So obeying that saying he came to Nayland for a few days last autumn and we had a talk which was meant to be an interview, though I found his non-western questions difficult to answer. One thing he gave me on that occasion was a small quantity of a newly invented yarn made from stainless steel. It was about the size of 2/ply carpet wool and consisted of 6,000 micro filaments of steel made into a 2/ply yarn. Naturally it had the shine of steel but its grey colour surprised me. It looked like silk until you handled it then its weight said metal. As a passing comment I said how I would love to try it in one of my macrogauzes.
Months later Mr Arai said that it had been agreed that I should make a large macrogauze for a new building in his city of Kiryu and would I like to use the steel yarn? Moreover they would like me to come and "view the site". He sent me about two pounds of the yarn, just enough to make two macrogauze samples , one flat, one 3D. The flight to Japan is 9 or more hours long, so I was glad that the sight of my walking stick and pleading face led the check-in girl to upgrade me to first class. I had to unroll the hangings at the x-ray machine and give a short seminar on weaving to the puzzled staff. Wanting to make something for Arai as a gift I spent many of the 9 hours ply-splitting, which interested the cabin staff but was totally ignored by other first class individuals.
Kiryu has a long association with textiles especially silk weaving, so the new building, a Cultural Centre of great size, was inspired by the shape and colour of a silk cocoon.
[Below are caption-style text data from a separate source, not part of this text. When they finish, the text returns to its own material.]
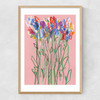 Pink Flowers Narrow Oak Frame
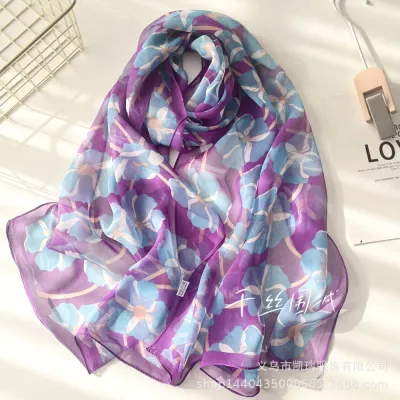 Summer Sunscreen Easide Beach Soft Plum Blossom Print Chiffon Scarf 160x50cm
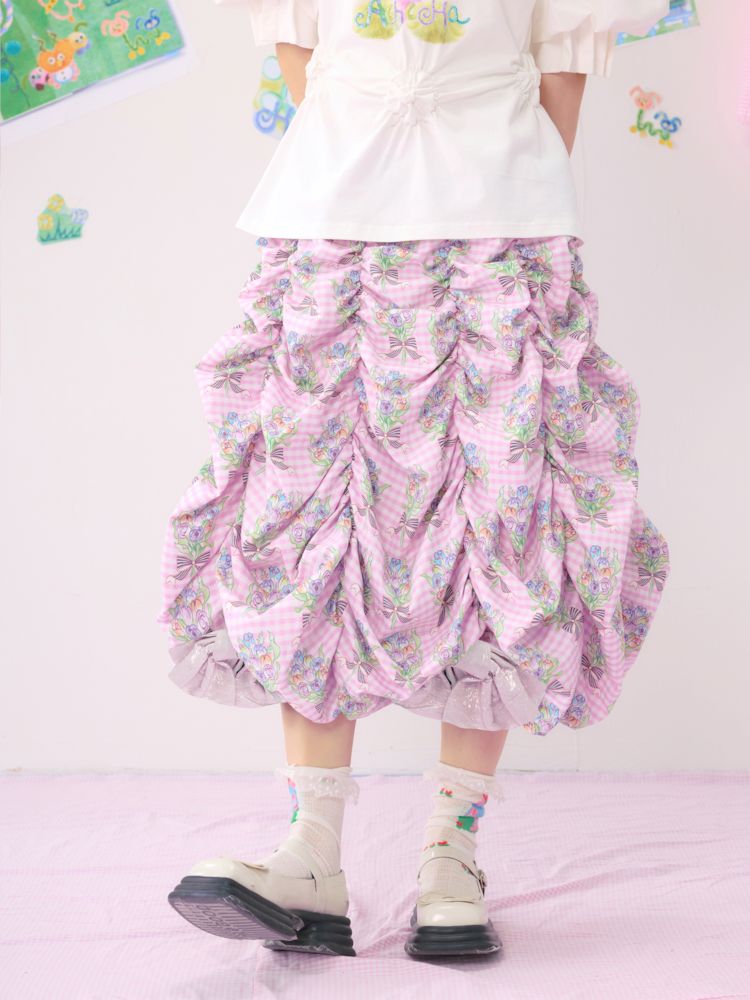 Multi Layered Pleated Metallic Bow Puffy Half Skirt【s0000009546】
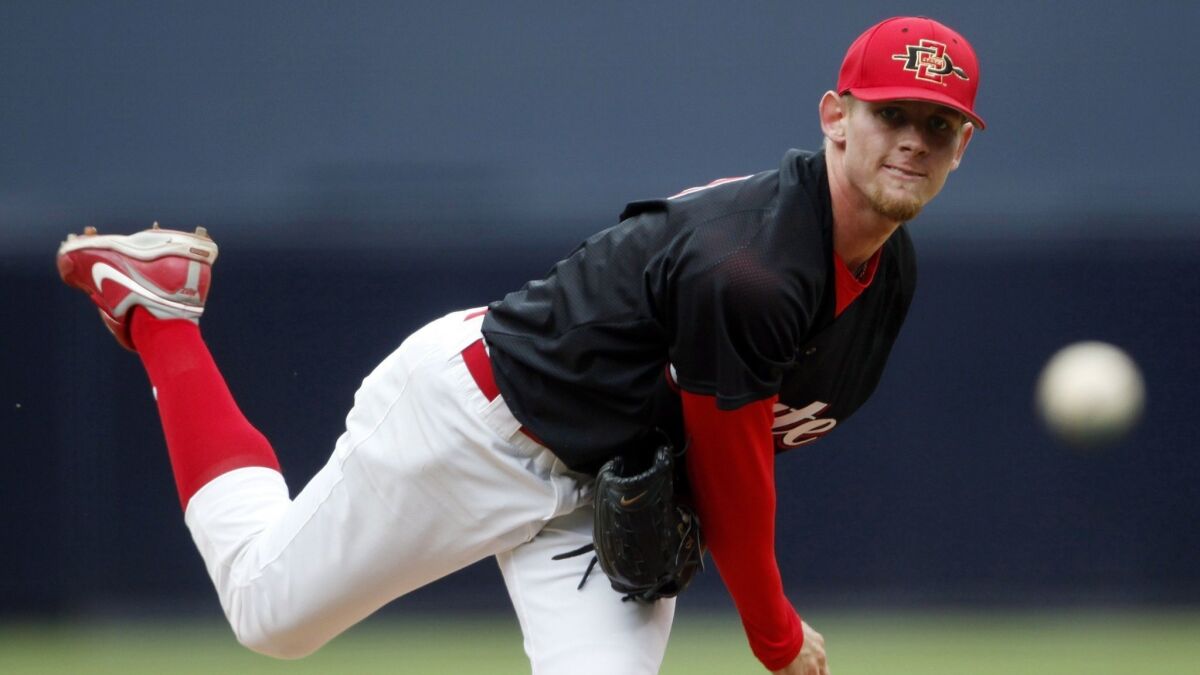 San Diego State right-hander Stephen Strasburg struck out a school-record 23 batters during a Mountain West game against Utah in 2008 at Tony Gwynn Stadium. It remains the highest strikeout total over the past 37 years.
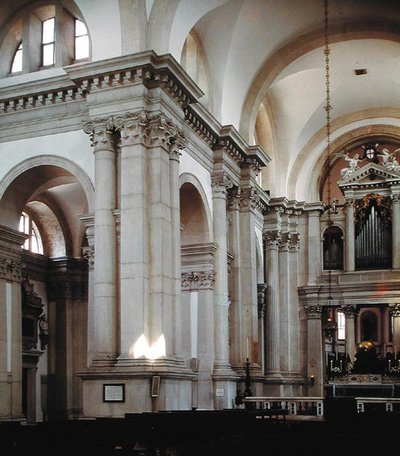ನೇವ್‌ನ ಆಂತರಿಕ ನೋಟ, 1566-80 ಟರ್ಕ್ by Andrea Palladio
The site for my hanging was against a huge concrete wall bang in the middle of the entrance hall, a wonderful but daunting position. Light came through complex glazing bars in a sloping glass roof and would make any textile look interesting. Looking at this immense flat spread of grey concrete I agreed with Arai a 3D hanging was appropriate.
After a long tour through this building I was taken to the factory which manufactured the steel yarn. Its normal output is the wire for radial car tyres; two men from its New Product Department gave me my first sight of a wire drawing works. I walked for seeming miles by the incredibly long machines which had to be kept going 24 hours a day. The wire was gradually drawn finer and finer, passing through furnaces and chemical baths. Hardly any workers were visible; but an uncanny robotic fork-lift truck went about its mysterious business.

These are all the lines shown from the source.